# Prove that the following are irrationals :

Question : Prove that the following are irrationals :

(i)  $$1\over \sqrt{2}$$

(ii)  $$7\sqrt{5}$$

(iii)  $$6 + \sqrt{2}$$

Solution :

(i)  Let us assume, to the contrary, that $$1\over \sqrt{2}$$ is rational.
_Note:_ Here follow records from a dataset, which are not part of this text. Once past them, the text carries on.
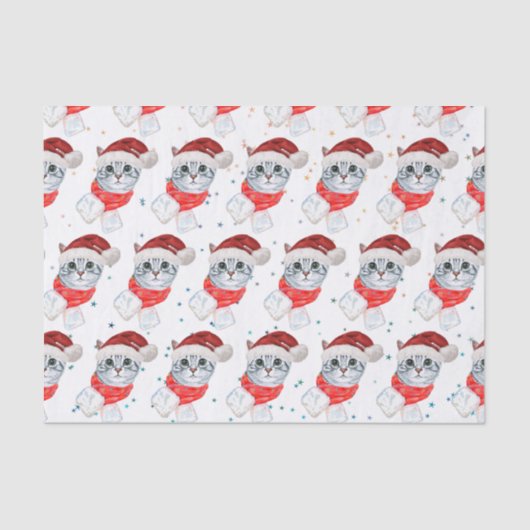 Christmas Tabby Cat with Red Scarf For Pet Lovers 薄葉紙 (正面)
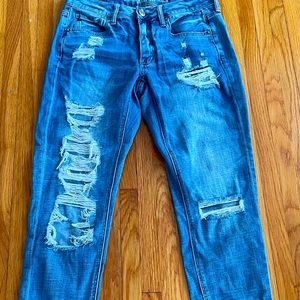 American Eagle Outfitters Distressed light blue button fly jeans, size 2P spring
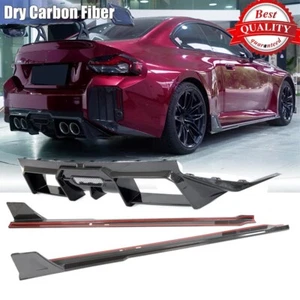For BMW G87 M2 Coupe 2022-2024 Dry Carbon Rear Bumper Diffuser Lip Side Skirts - Picture 1 of 12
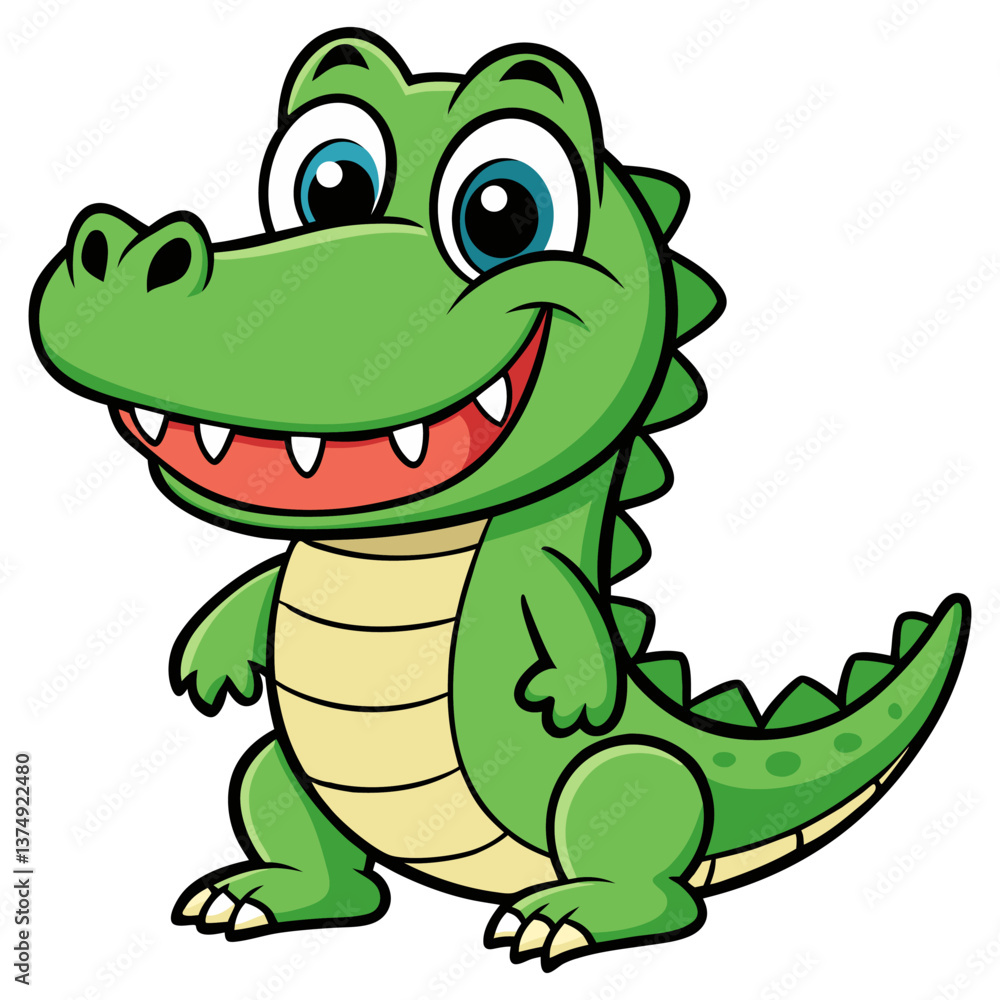 Obraz premium Adorable Cartoon Alligator or Crocodile with Big Eyes, Bright Smile, and Green Scales, Perfect for Children’s Illustrations, Animal-Themed Designs, and Reptile Projects Representing Playful, Friendly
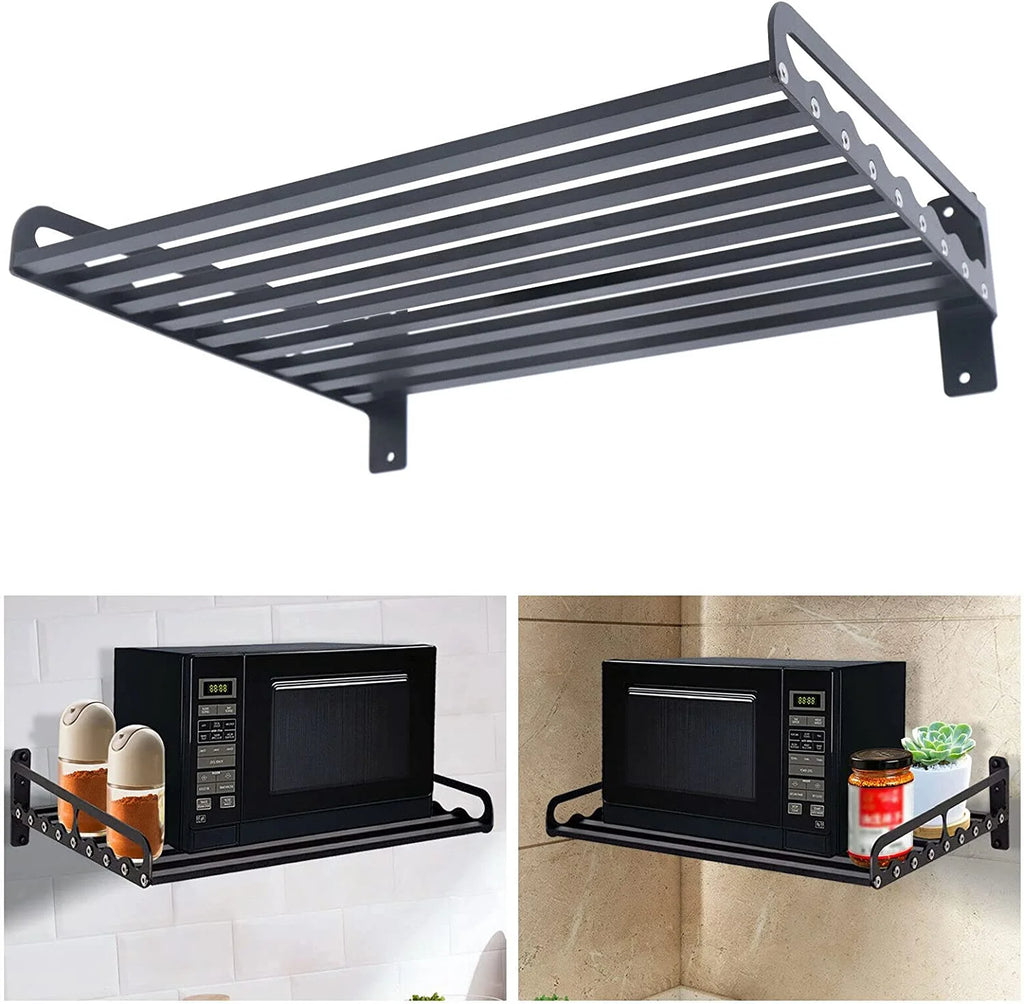 Black Wall Mounted Microwave Oven Bracket Storage Rack Aluminum J31602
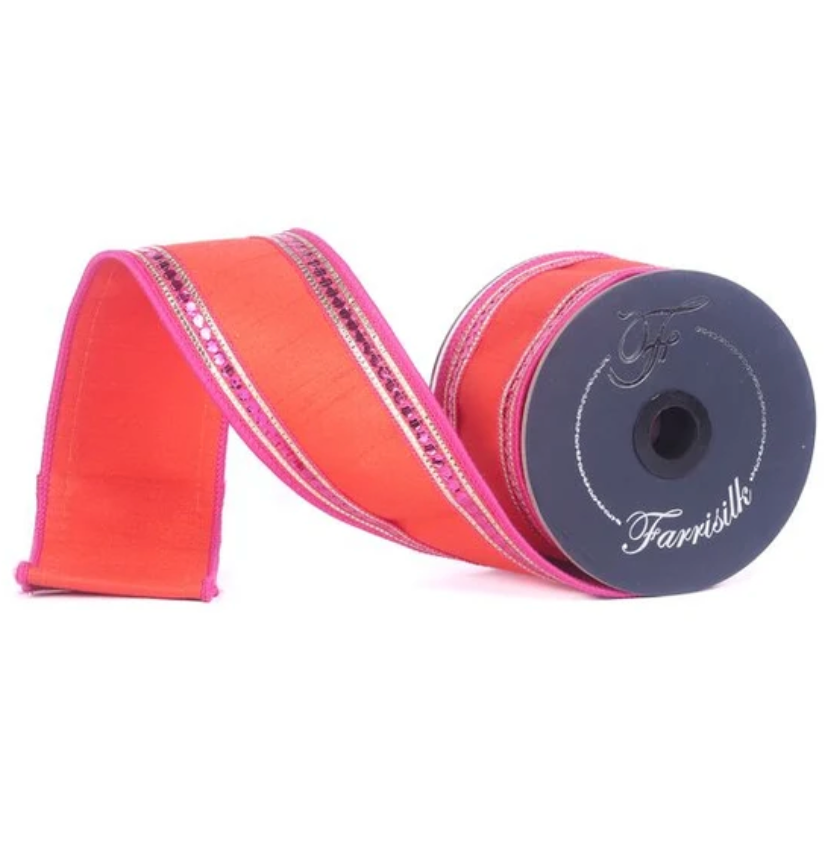 2.5"X10YD Twinkle Borders (Orange/Hot Pink) Farrisilk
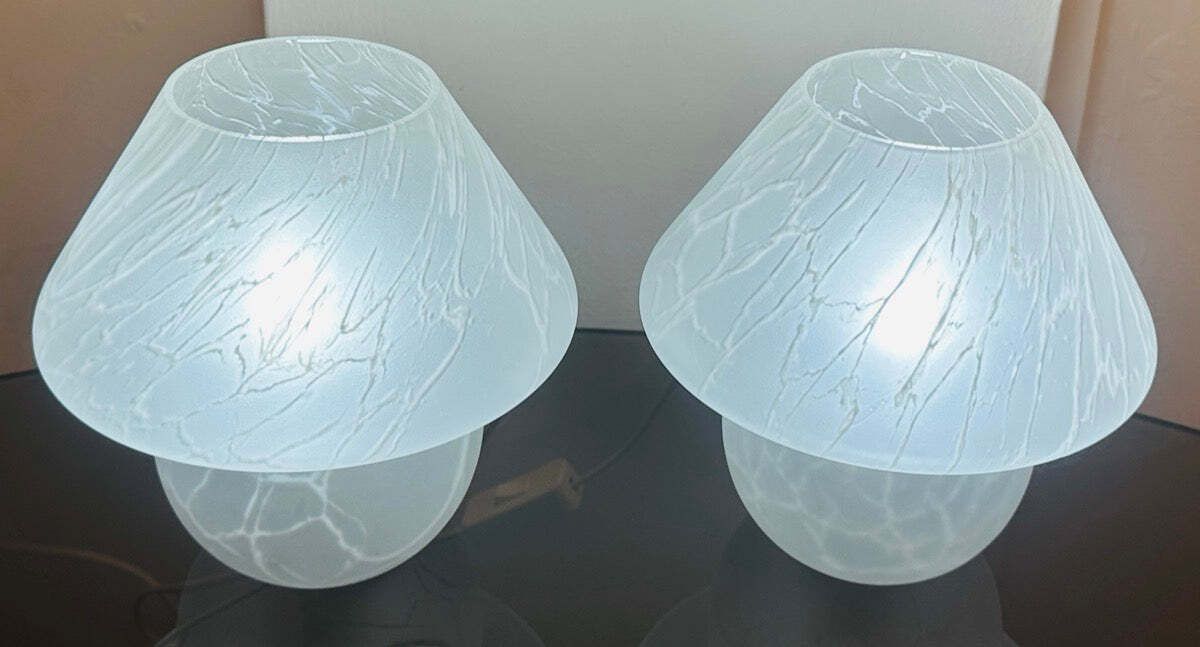 Pair Of 1970s German Frosted Matt White Glass Mushroom Table Lamps Style Of Peill & Putzler photo 535.0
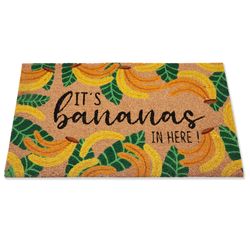 First Concept 18 in. W X 30 in. L Multi-Color It’s Bananas In Here Coir Door Mat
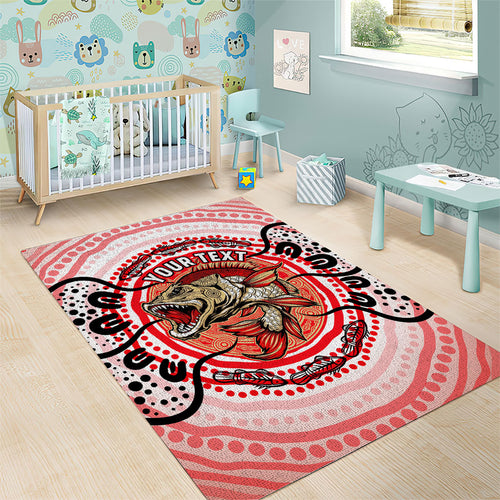 Personalised Aboriginal Barramundi Fish Area Rug Indigenous Dot Art - Dreamtime Spirit Animal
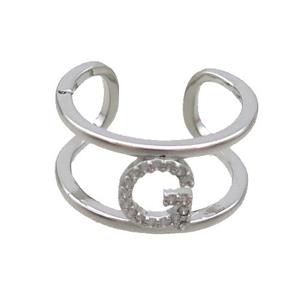 Copper Ring Pave Zircon G-Letter Platinum Plated, approx 10mm, 18mm dia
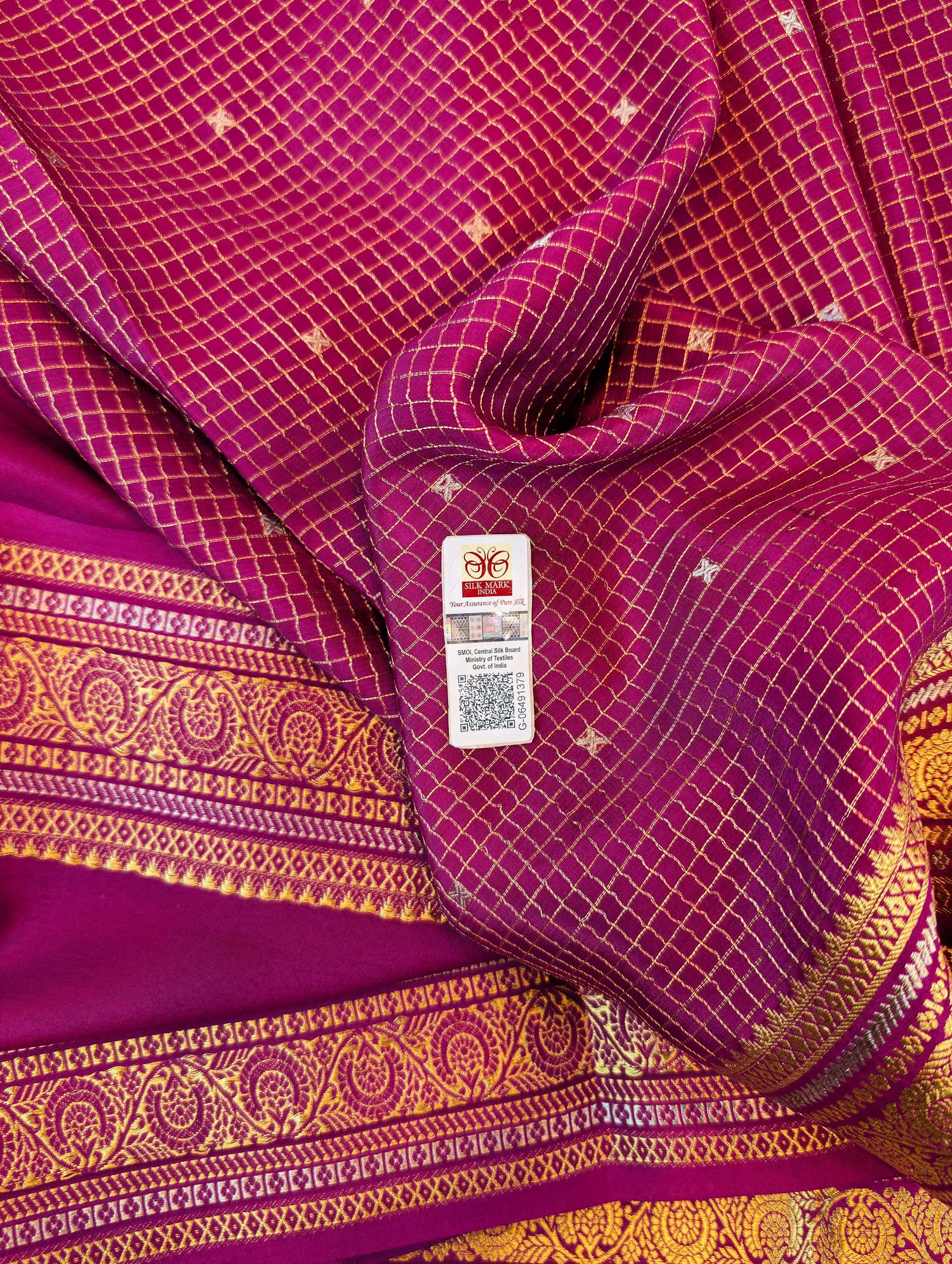 Pure Mysore Silk Crepe - Maroon with Printed Pallu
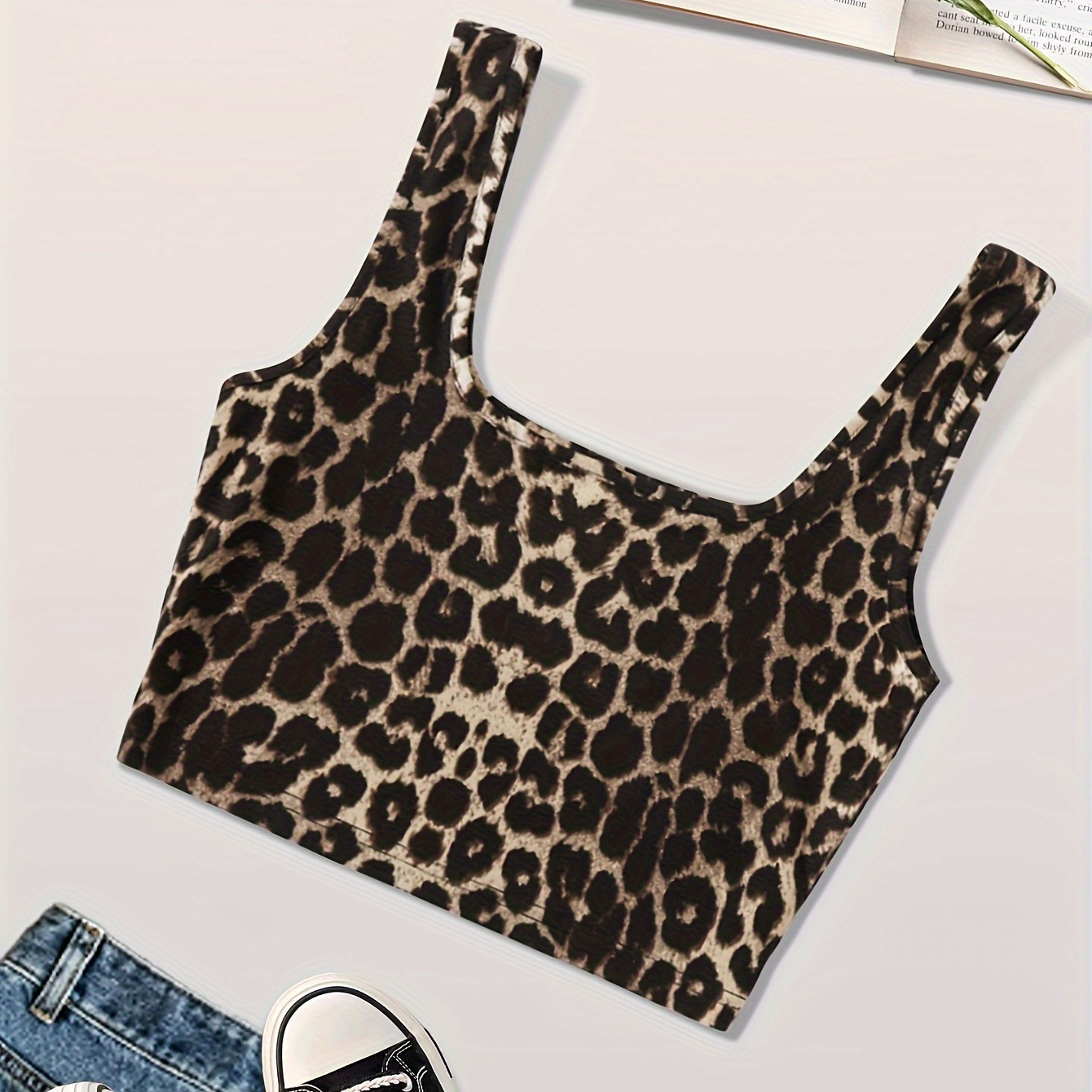 

Leopard Print Square Neck Tank Top, Casual Sleeveless Crop Top For Spring & Summer, Women's Clothing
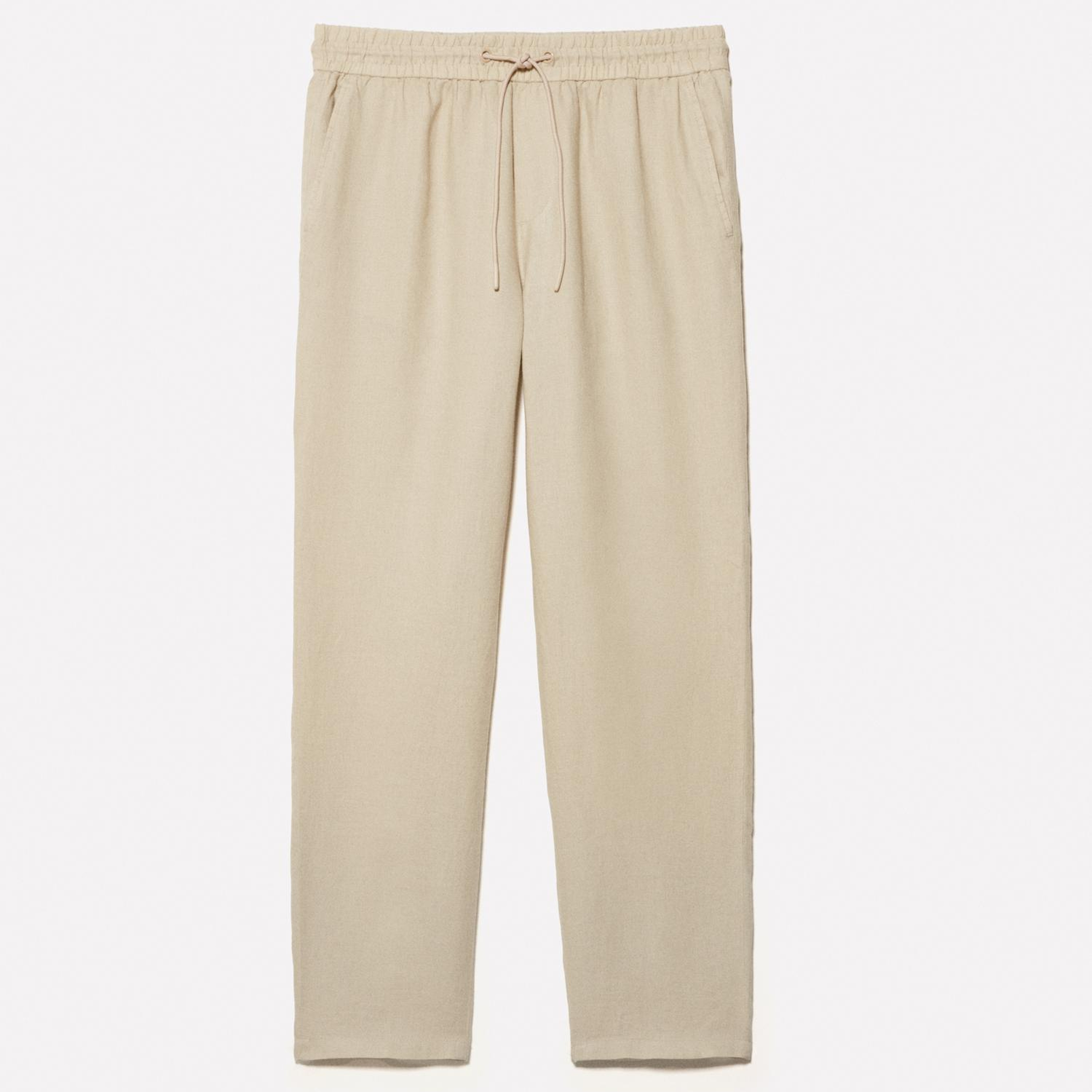Erkek Bej %100 Keten Beli Büzgülü İpli Slim Fit Pantolon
That is, we can find co-prime integers p and q (q $$\ne$$ 0) such that

$$1\over \sqrt{2}$$ = $$p\over q$$  or   $$1\times \sqrt{2}\over \sqrt{2}\times \sqrt{2}$$ = $$p\over q$$ or  $$\sqrt{2}\over 2$$ = $$p\over q$$

or  $$\sqrt{2}$$ = $$2p\over q$$

Since p and q are integers $$2p\over q$$ is rational, and so $$\sqrt{2}$$ is rational.

But this contradicts the fact that $$\sqrt{2}$$ is irrational.

so, we conclude that $$1\over \sqrt{2}$$ is an irrational.

(ii)  Let us assume, to the contrary, that $$7\sqrt{5}$$ is rational. That is, we can find co-prime integers p and q (q $$\ne$$ 0) such that $$7\sqrt{5}$$ = $$p\over q$$.

So,  $$\sqrt{5}$$ = $$p\over 7q$$

Since p and q are integers, $$p\over 7q$$ is rational and so is $$\sqrt{5}$$.

But this contradicts the fact that $$\sqrt{5}$$ is irrational. So, we conclude that $$7\sqrt{5}$$ is an irrational.

(iii)  Let us assume, to the contrary, that $$6 + \sqrt{2}$$ is rational. That is, we can find co-prime integers p and q (q $$\ne$$ 0) such that

$$6 + \sqrt{2}$$ = $$p\over q$$  or   6 – $$p\over q$$ = $$\sqrt{2}$$

or  $$\sqrt{2}$$ = 6 – $$p\over q$$

Since p and q are integers, 6 – $$p\over q$$ is rational, and so $$\sqrt{2}$$ is rational.

But this contradicts the fact that $$\sqrt{2}$$ is irrational.

so, we conclude that $$6 + \sqrt{2}$$ is an irrational.